▶ **What you need to do**: Transcribe every entry exactly, leaving out any pictures.

▶ **Data extract**:
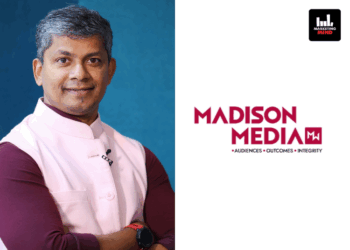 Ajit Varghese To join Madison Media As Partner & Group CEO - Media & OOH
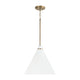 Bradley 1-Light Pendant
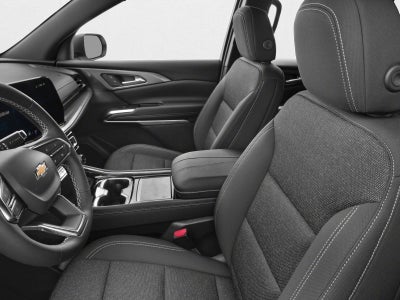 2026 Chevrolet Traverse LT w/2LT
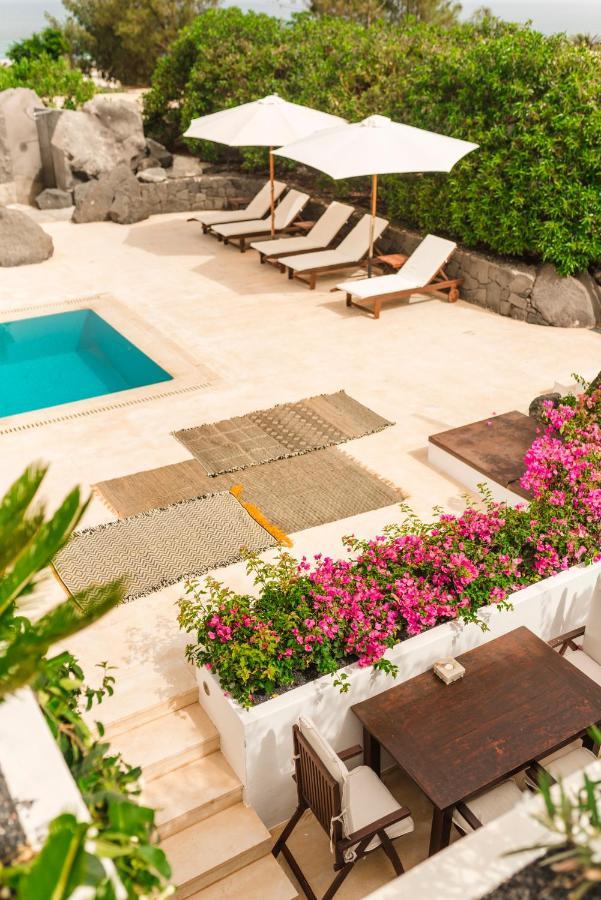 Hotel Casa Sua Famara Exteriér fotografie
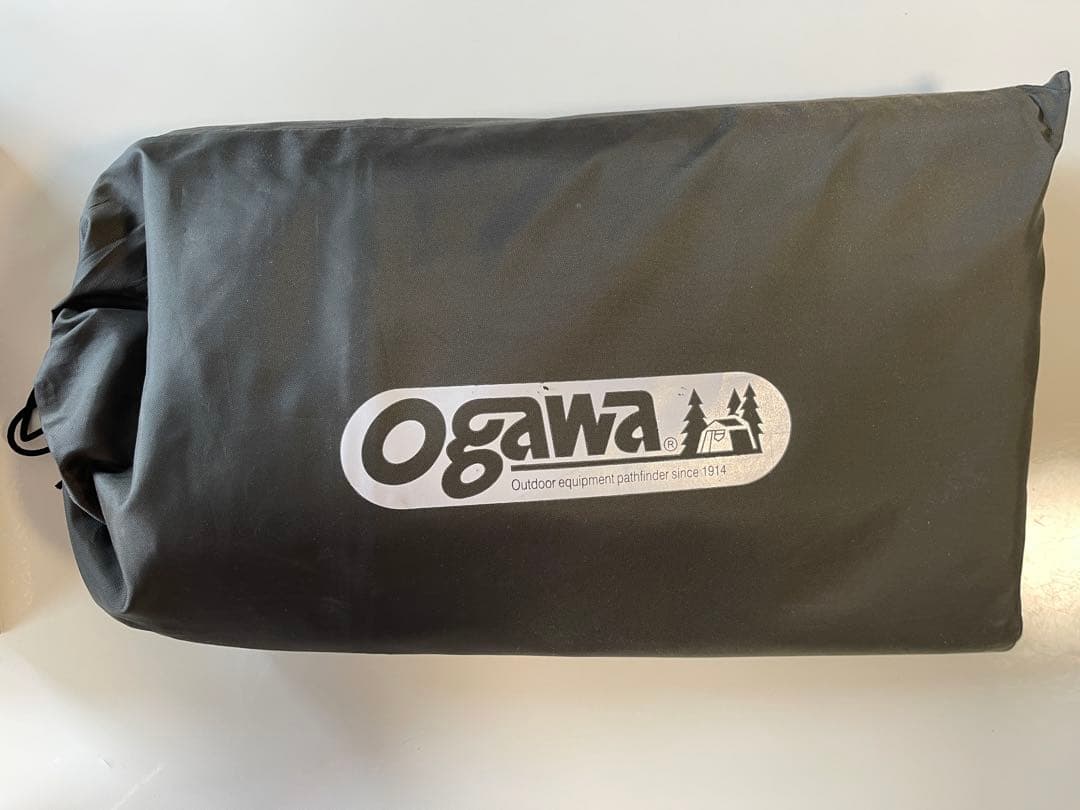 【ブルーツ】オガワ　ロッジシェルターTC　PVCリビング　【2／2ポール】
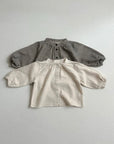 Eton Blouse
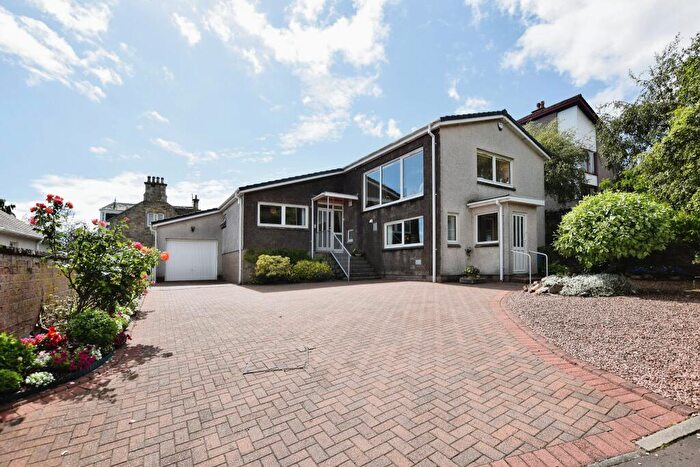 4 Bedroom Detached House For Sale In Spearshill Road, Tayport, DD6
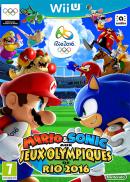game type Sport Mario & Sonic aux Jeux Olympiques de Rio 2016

▶ **Solution to this exercise**:
 Ajit Varghese To join Madison Media As Partner & Group CEO - Media & OOH
 Bradley 1-Light Pendant
 2026 Chevrolet Traverse LT w/2LT
 Hotel Casa Sua Famara Exteriér fotografie
 【ブルーツ】オガワ　ロッジシェルターTC　PVCリビング　【2／2ポール】
 Eton Blouse
 4 Bedroom Detached House For Sale In Spearshill Road, Tayport, DD6
game type Sport Mario & Sonic aux Jeux Olympiques de Rio 2016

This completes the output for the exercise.